[DATA TO PROCESS — start]

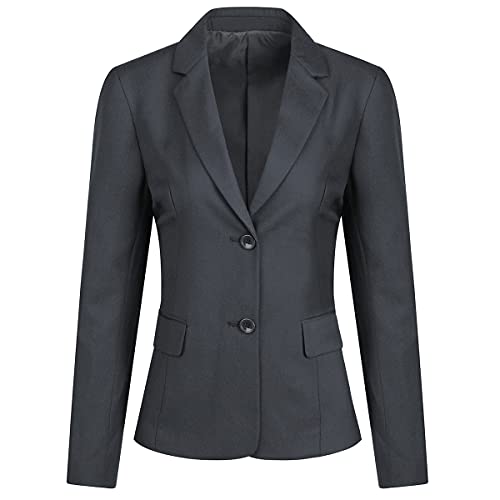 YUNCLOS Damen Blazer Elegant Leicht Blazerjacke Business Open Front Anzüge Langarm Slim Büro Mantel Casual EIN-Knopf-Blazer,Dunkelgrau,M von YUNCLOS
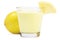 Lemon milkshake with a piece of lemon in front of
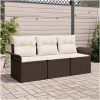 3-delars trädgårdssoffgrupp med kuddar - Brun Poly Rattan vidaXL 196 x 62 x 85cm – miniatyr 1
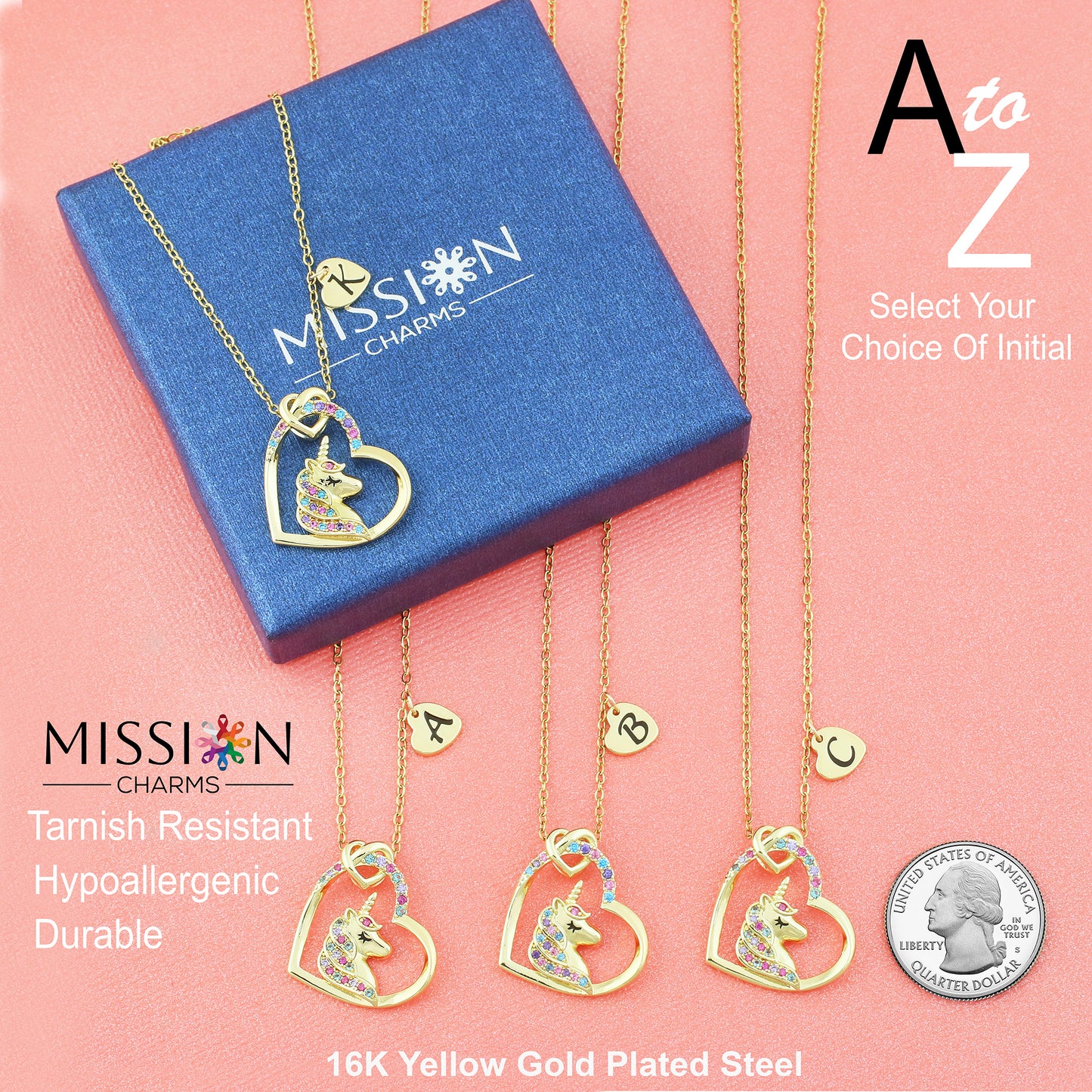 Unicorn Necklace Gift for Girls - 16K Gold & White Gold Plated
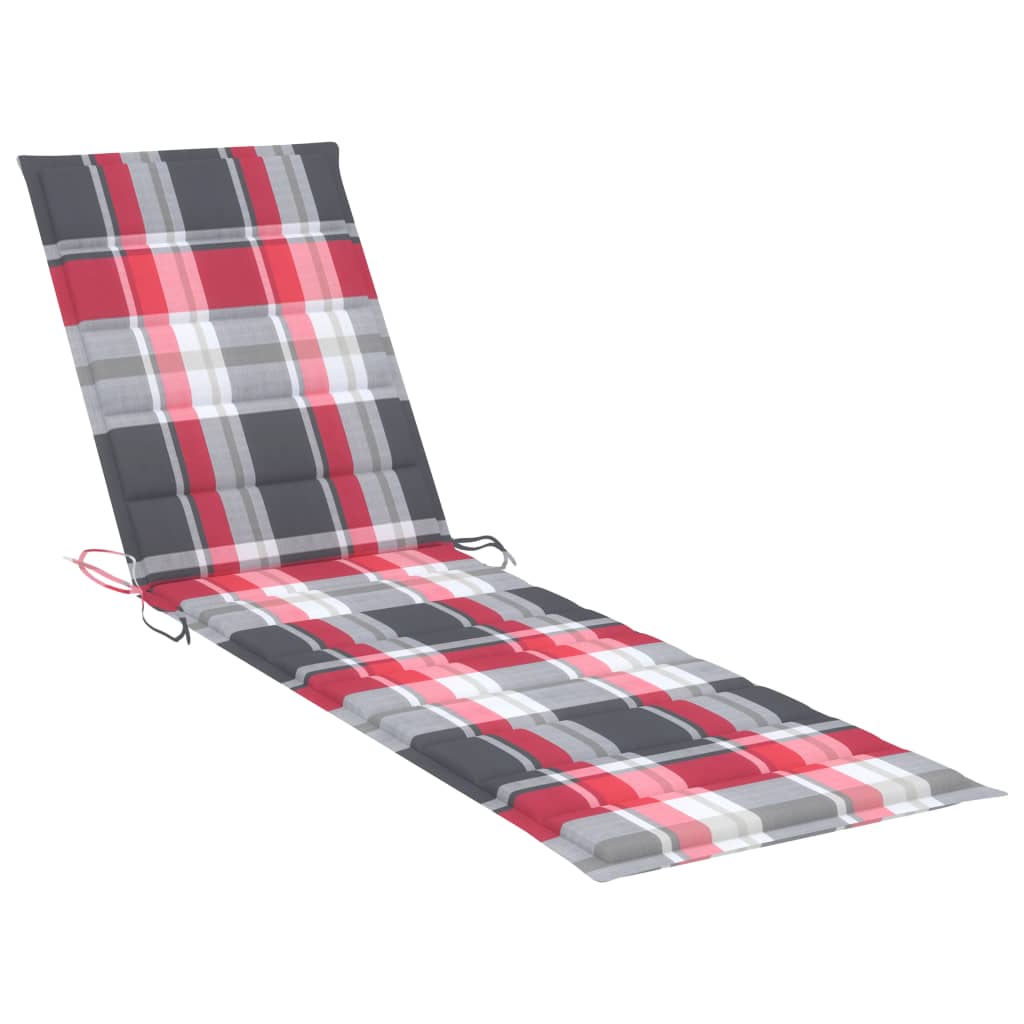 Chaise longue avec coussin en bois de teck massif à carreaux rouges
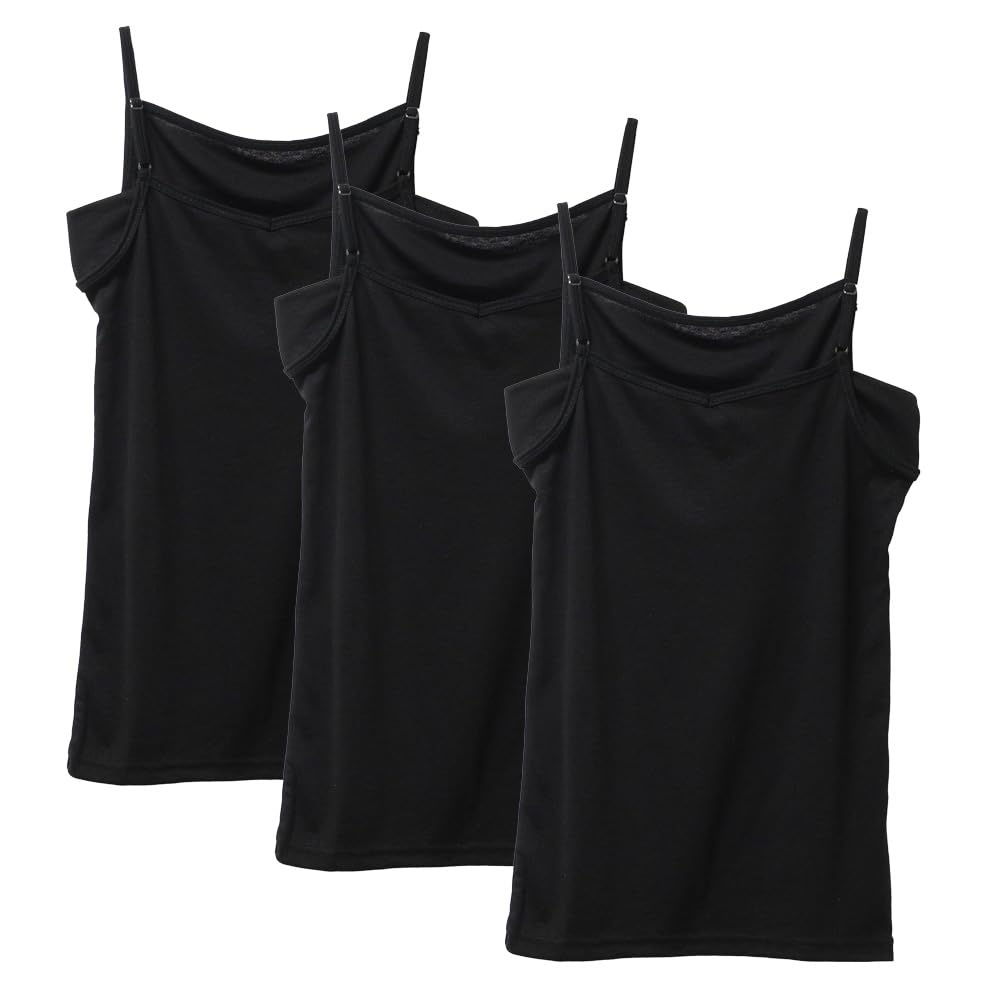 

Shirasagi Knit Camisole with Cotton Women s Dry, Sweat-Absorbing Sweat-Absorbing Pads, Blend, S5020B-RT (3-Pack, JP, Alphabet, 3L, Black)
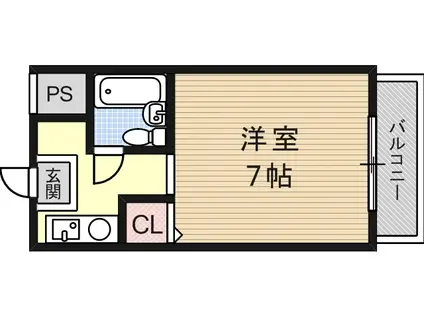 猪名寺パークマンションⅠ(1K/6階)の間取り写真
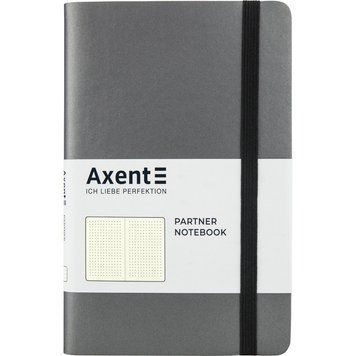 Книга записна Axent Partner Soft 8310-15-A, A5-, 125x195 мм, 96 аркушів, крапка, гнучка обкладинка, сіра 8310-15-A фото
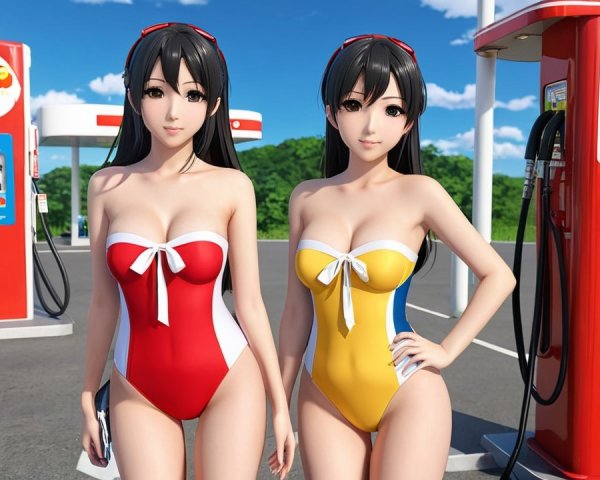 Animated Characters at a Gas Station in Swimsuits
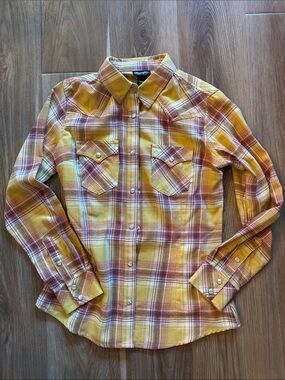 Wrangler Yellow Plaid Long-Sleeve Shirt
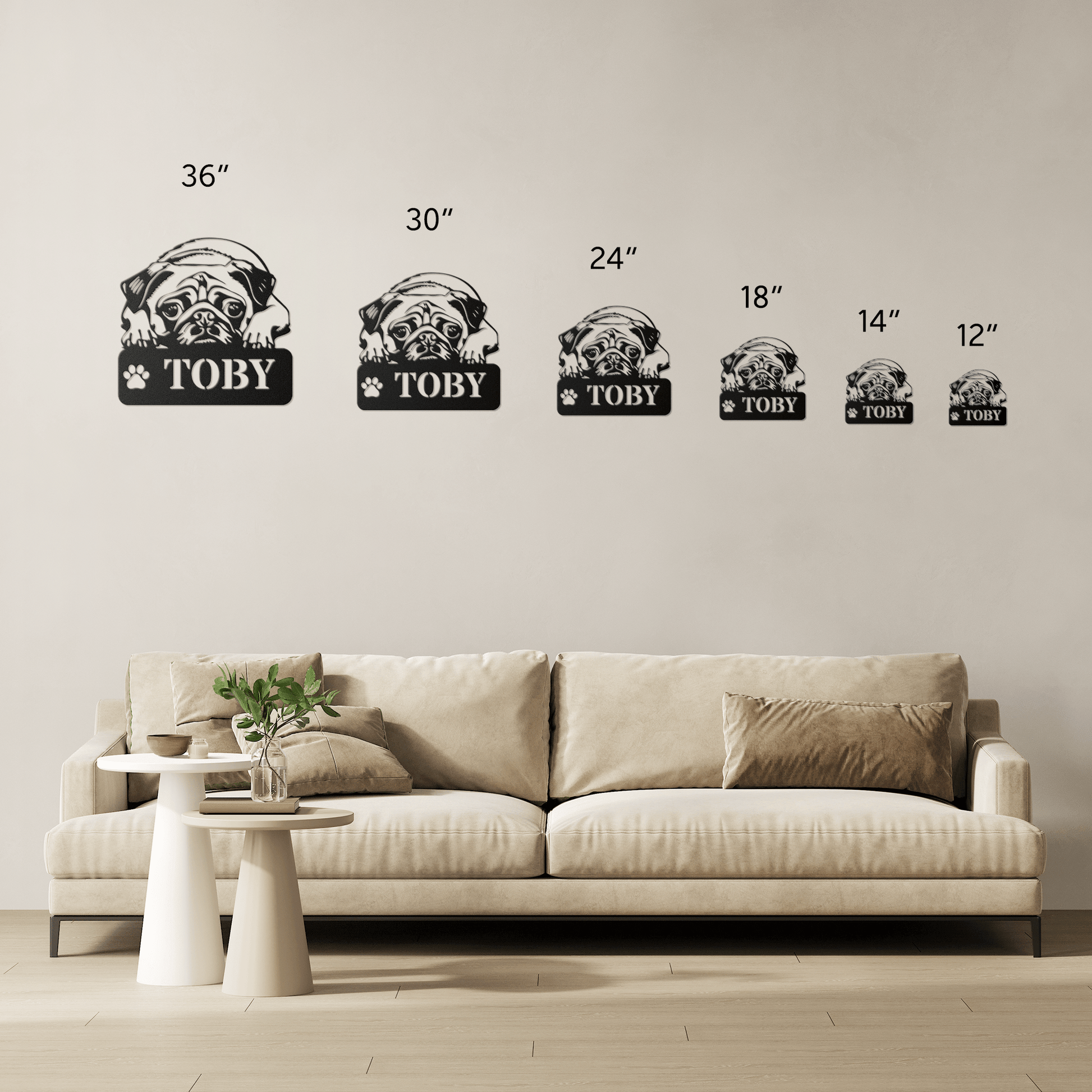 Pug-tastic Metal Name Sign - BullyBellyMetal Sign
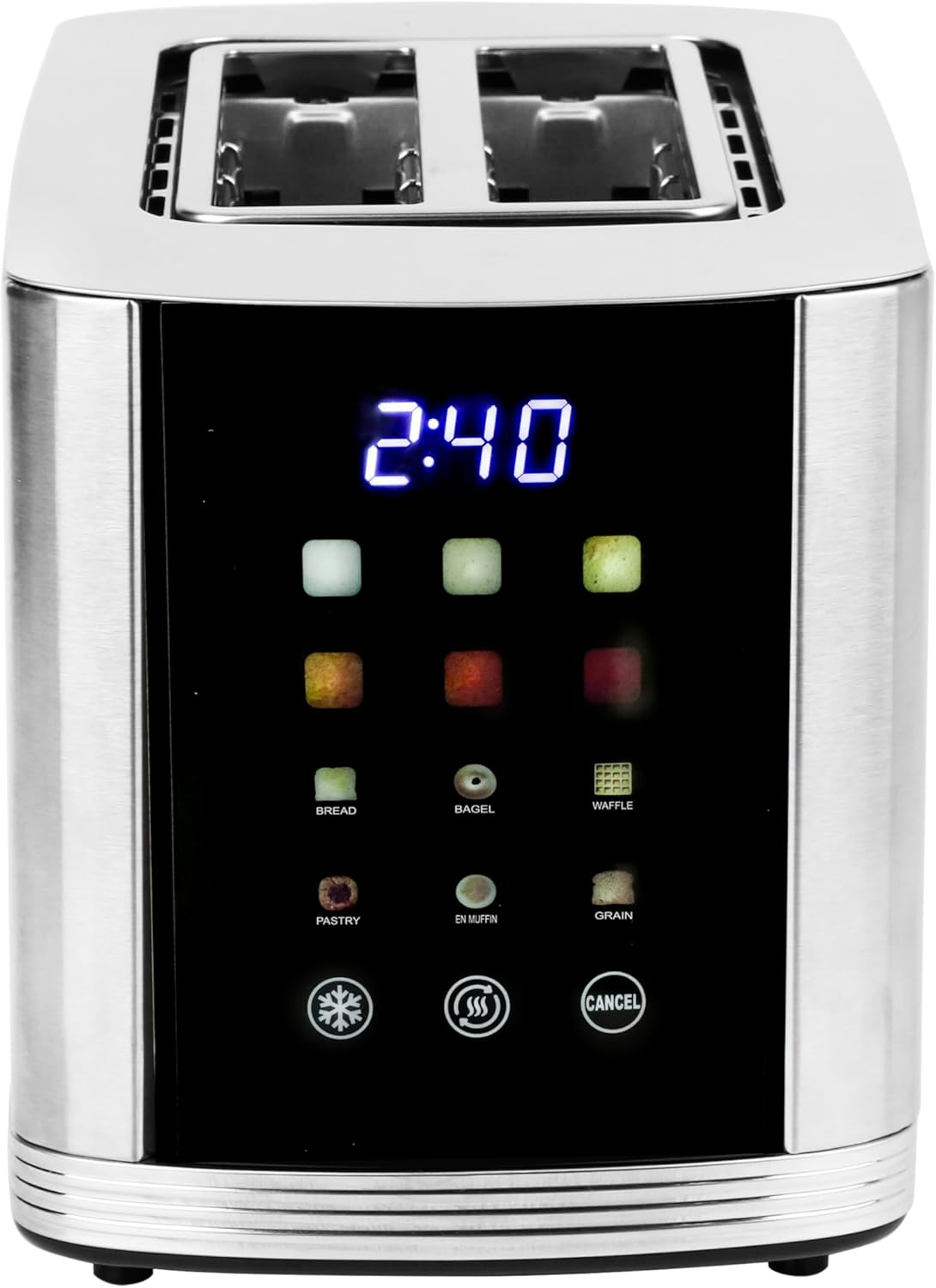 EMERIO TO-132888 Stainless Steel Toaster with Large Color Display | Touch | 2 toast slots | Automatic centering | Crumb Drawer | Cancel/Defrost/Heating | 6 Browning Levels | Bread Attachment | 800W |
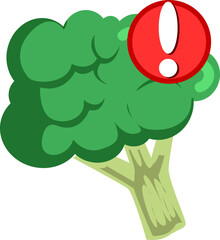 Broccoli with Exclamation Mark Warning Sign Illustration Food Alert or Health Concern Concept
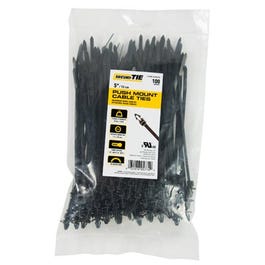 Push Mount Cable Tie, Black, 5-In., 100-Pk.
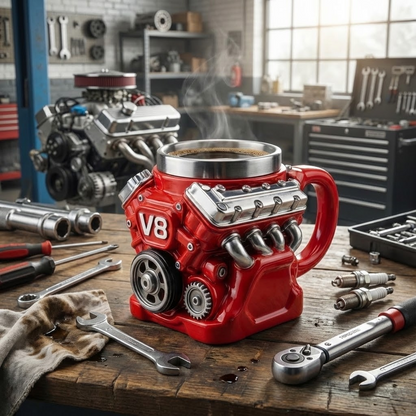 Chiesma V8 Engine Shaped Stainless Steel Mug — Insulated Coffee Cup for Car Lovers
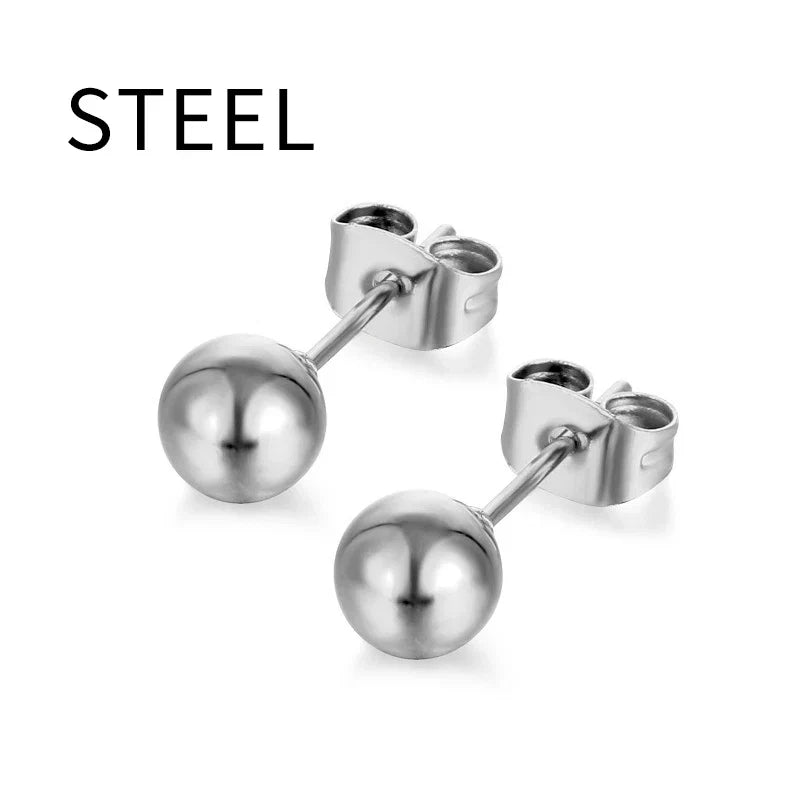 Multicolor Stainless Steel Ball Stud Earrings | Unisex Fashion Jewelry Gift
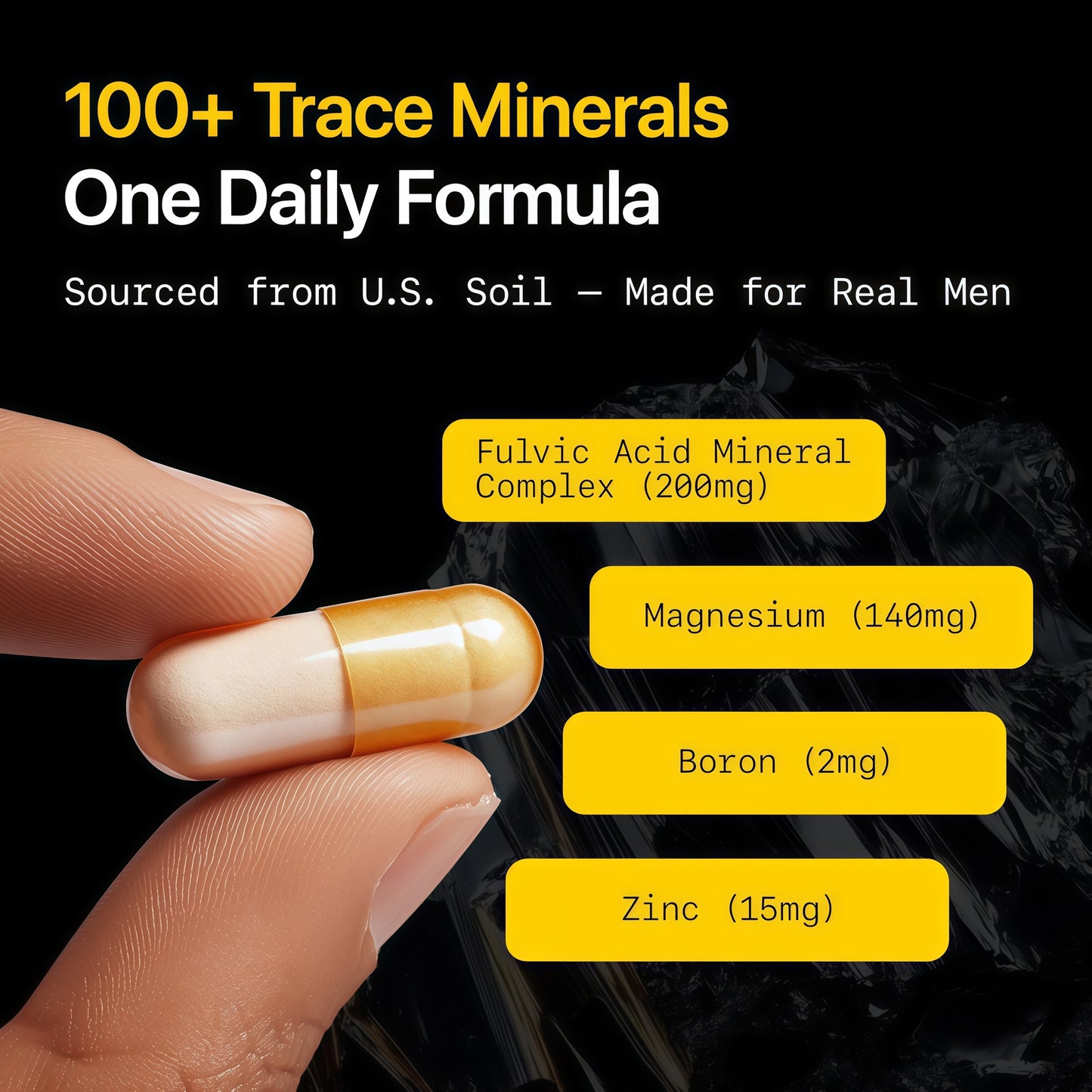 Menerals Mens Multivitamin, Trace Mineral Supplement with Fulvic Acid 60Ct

[DATA TO PROCESS — finish]

AIM OF THE EXERCISE
Set the listing down in full and exactly. Pictures within it should not appear in the copy.

TASK ANSWER
 YUNCLOS Damen Blazer Elegant Leicht Blazerjacke Business Open Front Anzüge Langarm Slim Büro Mantel Casual EIN-Knopf-Blazer,Dunkelgrau,M von YUNCLOS
 Lemon milkshake with a piece of lemon in front of
 3-delars trädgårdssoffgrupp med kuddar - Brun Poly Rattan vidaXL 196 x 62 x 85cm – miniatyr 1
 Unicorn Necklace Gift for Girls - 16K Gold & White Gold Plated
 Chaise longue avec coussin en bois de teck massif à carreaux rouges

Shirasagi Knit Camisole with Cotton Women s Dry, Sweat-Absorbing Sweat-Absorbing Pads, Blend, S5020B-RT (3-Pack, JP, Alphabet, 3L, Black)
 猪名寺パークマンションⅠ(1K/6階)の間取り写真
 Книга записна Axent Partner Soft 8310-15-A, A5-, 125x195 мм, 96 аркушів, крапка, гнучка обкладинка, сіра 8310-15-A фото
 Animated Characters at a Gas Station in Swimsuits
 Wrangler Yellow Plaid Long-Sleeve Shirt
 Pug-tastic Metal Name Sign - BullyBellyMetal Sign
 EMERIO TO-132888 Stainless Steel Toaster with Large Color Display | Touch | 2 toast slots | Automatic centering | Crumb Drawer | Cancel/Defrost/Heating | 6 Browning Levels | Bread Attachment | 800W |
 Broccoli with Exclamation Mark Warning Sign Illustration Food Alert or Health Concern Concept
 Push Mount Cable Tie, Black, 5-In., 100-Pk.
 Chiesma V8 Engine Shaped Stainless Steel Mug — Insulated Coffee Cup for Car Lovers
 Multicolor Stainless Steel Ball Stud Earrings | Unisex Fashion Jewelry Gift
 Menerals Mens Multivitamin, Trace Mineral Supplement with Fulvic Acid 60Ct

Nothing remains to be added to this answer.